Interleukin-17 (IL-17), a proinflammatory cytokine, has also been implicated in pathophysiology of depression and antidepressant response, and two anti–IL-6 antibodies, sirukumab (Janssen) and siltuximab (Sylvant, Janssen), have also been shown to be effective in reducing depressive symptom severity among patients with rheumatoid arthritis.

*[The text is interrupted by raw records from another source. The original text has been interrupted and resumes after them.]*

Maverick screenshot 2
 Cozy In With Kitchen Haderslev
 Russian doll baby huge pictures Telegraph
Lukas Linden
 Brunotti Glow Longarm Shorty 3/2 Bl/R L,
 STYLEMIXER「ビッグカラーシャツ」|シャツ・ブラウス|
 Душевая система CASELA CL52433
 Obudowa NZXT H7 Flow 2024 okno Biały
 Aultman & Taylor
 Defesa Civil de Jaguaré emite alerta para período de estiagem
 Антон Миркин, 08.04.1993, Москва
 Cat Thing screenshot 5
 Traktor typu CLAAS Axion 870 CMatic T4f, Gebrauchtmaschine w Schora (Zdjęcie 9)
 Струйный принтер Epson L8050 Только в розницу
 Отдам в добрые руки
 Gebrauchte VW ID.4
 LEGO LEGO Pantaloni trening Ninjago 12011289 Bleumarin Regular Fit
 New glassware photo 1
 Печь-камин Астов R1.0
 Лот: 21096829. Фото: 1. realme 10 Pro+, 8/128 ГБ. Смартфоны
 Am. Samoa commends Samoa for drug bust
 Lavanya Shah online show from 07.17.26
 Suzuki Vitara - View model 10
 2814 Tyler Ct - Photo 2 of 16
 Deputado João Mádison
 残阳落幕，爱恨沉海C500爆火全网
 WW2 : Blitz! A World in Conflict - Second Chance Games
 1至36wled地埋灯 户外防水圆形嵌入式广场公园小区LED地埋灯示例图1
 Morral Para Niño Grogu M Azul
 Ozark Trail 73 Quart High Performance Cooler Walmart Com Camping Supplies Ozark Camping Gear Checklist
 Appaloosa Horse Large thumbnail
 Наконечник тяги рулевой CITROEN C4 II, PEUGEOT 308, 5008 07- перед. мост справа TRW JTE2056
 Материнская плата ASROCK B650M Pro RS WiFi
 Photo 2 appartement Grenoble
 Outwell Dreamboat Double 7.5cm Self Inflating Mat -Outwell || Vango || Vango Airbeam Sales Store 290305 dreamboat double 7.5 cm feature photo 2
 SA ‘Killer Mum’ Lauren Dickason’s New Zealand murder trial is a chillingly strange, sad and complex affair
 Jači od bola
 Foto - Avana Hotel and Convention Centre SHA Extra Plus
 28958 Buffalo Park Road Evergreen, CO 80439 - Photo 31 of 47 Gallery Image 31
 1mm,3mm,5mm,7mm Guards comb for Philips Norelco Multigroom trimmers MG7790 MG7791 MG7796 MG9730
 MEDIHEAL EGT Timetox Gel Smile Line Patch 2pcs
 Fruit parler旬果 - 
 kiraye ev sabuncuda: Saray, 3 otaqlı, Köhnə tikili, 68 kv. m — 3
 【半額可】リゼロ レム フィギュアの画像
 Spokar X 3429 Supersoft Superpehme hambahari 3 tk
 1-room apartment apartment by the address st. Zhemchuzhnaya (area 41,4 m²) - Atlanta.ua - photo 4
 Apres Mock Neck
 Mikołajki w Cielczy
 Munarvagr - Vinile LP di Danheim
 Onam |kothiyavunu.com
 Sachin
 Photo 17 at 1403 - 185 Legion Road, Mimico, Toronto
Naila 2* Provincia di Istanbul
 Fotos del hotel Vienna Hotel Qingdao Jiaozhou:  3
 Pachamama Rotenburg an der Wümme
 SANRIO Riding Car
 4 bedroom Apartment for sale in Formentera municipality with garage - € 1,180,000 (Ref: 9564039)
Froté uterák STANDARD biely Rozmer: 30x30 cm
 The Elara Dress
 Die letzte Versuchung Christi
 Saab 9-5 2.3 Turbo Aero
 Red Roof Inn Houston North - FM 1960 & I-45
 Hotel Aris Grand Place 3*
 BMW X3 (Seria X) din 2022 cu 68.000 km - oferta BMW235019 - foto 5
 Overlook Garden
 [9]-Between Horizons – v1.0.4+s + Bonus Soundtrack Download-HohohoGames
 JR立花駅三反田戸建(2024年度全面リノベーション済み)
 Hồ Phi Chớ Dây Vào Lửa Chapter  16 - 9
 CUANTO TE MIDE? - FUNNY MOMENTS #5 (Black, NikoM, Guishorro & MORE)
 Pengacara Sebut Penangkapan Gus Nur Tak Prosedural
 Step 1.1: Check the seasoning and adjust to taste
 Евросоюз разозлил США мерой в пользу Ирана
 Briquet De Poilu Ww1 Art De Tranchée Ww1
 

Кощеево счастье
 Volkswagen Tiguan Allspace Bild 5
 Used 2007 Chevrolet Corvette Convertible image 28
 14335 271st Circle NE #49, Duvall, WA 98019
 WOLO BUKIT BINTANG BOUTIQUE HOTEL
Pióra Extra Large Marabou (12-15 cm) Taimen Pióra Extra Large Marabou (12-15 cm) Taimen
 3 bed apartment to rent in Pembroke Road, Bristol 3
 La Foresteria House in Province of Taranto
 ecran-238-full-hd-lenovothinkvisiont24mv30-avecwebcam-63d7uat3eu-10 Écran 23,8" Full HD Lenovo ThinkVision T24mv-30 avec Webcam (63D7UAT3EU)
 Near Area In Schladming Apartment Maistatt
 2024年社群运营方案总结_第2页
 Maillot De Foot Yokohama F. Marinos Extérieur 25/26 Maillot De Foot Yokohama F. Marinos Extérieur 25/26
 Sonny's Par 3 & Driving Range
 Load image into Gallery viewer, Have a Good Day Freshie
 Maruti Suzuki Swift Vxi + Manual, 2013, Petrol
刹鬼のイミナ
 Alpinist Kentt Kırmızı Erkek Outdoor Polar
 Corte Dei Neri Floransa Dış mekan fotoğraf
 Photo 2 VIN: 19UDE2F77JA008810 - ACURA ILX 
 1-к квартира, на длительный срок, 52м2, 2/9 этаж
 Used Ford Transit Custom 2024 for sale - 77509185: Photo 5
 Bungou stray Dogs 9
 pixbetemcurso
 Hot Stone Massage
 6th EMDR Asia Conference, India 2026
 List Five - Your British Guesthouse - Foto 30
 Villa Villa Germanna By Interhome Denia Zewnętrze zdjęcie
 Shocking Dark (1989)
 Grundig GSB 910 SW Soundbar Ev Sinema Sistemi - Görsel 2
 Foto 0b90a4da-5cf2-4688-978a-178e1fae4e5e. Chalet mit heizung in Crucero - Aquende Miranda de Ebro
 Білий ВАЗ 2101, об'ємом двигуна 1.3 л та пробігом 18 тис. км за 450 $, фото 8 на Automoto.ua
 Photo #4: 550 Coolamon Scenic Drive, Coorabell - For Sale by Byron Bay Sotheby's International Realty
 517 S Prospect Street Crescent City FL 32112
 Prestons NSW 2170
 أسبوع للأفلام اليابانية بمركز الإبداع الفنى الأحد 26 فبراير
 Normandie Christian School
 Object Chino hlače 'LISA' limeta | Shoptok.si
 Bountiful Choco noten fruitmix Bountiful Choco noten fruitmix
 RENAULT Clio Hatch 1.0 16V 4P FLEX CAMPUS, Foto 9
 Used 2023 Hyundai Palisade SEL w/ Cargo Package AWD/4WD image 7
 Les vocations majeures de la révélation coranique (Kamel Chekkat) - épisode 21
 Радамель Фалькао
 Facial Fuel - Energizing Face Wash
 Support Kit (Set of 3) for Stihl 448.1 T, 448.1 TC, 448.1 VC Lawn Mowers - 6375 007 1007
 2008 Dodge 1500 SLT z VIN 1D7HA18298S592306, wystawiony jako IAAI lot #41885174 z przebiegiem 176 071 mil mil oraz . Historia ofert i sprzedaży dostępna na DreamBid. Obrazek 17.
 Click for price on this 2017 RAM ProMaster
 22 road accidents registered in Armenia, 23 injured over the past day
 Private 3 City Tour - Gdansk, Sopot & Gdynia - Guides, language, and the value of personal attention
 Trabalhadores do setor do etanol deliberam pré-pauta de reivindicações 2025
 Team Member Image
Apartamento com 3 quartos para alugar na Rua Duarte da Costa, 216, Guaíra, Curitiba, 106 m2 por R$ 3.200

Future studies are needed to determine the clinical utility of minocycline augmentation in depression.

“While the utility of these anticytokine treatments in patients with MDD is currently limited, clinicians may consider them for their patients with comorbid autoimmune conditions such as psoriasis and rheumatoid arthritis,” he wrote.

New potential anti-inflammatory treatments for depression included leucine, infusion of mesenchymal stem cells obtained from human donors and sirukumab.

“As none of the anti-inflammatory treatments are approved by the FDA, clinicians should restrict their off-label use to patients for whom FDA-approved treatments are either ineffective or impractical,” Jha wrote. “In such cases, clinicians should use a measurement-based care approach to monitor improvement in depressive symptom severity along with any treatment emergent adverse events with these anti-inflammatory treatments and ensure that patients are not continued on ineffective treatments for too long.” – by Savannah Demko

Disclosure: Jha reports no relevant financial disclosures.